TOBB başkanlığı yaptığı dönemde Merkez Bankası'nın bağımsız hale gelmesiyle konusunun sürekli gündeminde olduğunu vurgulayan Ali Çoşkun, Merkez Bankası'nın hükümetten tamamen bağımsız ya da hükümet programlarına zıt hareket etmesinin de mümkün olamayacağını söyledi.

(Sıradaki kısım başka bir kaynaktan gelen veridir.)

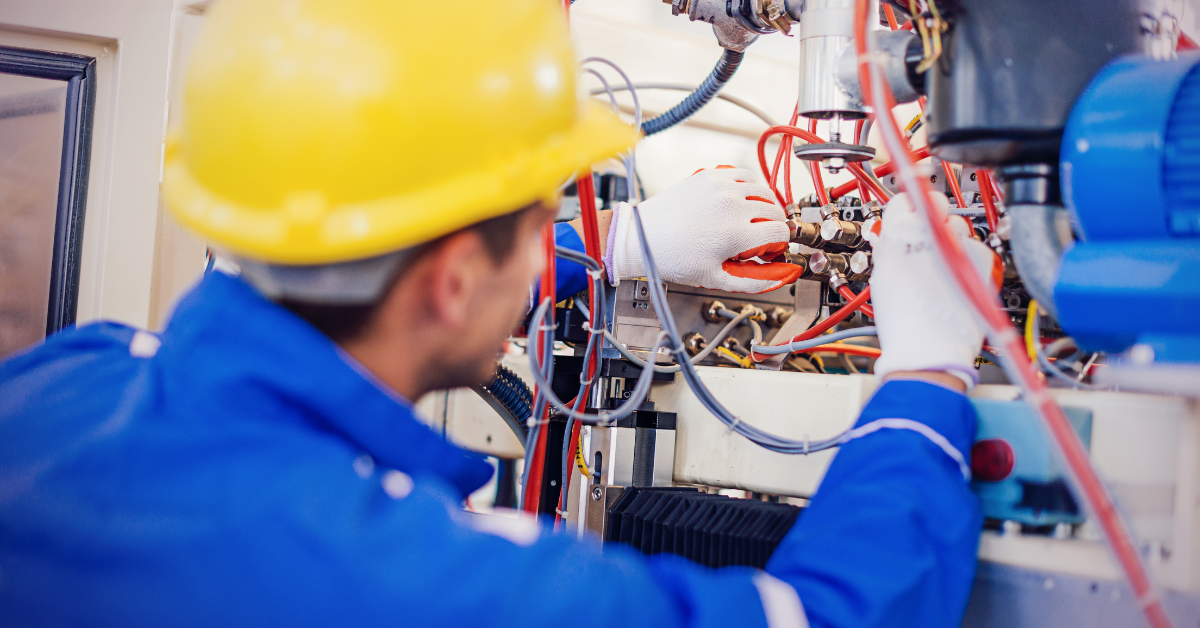 Engineer wearing a yellow hard hat and protective gloves working on electrical and mechanical integration with industrial machinery
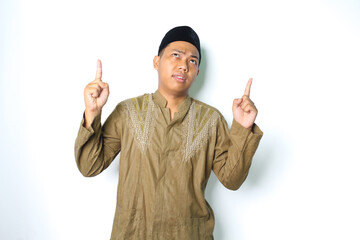 confused asian muslim man pointing to above looking up wearing koko clothes isolated on white...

"BÜTÇE AÇIĞI GİZLİ TEHLİKE"

Merkez Bankası'nın politikalarını son derece başarılı bulduğunu ve yeni başkan Erdem Başçı'yı takdir ettiğini ifade eden Çoşkun, bankanın politikaları ve son aylardaki müdahaleleri ile ilgili şunları söyledi:

"Merkez'in bu dönemde piyasalara müdahale etmesi gerekiyor ama onunda etkisi sınırlı oluyor. Merkez, döviz ihalesine çıkıyor, döviz alıyor ya da satıyor ama piyasada etkili olamıyor. Sıcak paranın borsa da ya da finans kurumlarında bu kadar etkili olduğu bir dönemde Merkez Bankası'nın küçük operasyonlarının çok etkili olmadığı ortada. Tekrar söylüyorum, cari açık ciddi sorun. Sıcak para sorun ama gizli duran ama her an ortaya çıkabilecek bütçe açığı daha da ciddi bir sorun."

"İYİMSERİM AMA AVRUPA'YA DİKKAT"

"Küresel ekonomideki çalkantılara rağmen iyimserliğimi kaybetmedim ama Avrupa ağırlıklı sorunlara dikkat" değerlendirmesinde bulunan Çoşkun, mali politikaları para politikaları ile destekleyerek üretimle bütünleştirilmesi gerektiğini ifade etti. Çoşkun, "Üretim olmazsa işsizliği çözemezsiniz. İşsizliğin reçetesi yatırım ve üretim. Türkiye hala yatırım konusunda cazibe merkezi bunu devam ettirmek gerekiyor" dedi.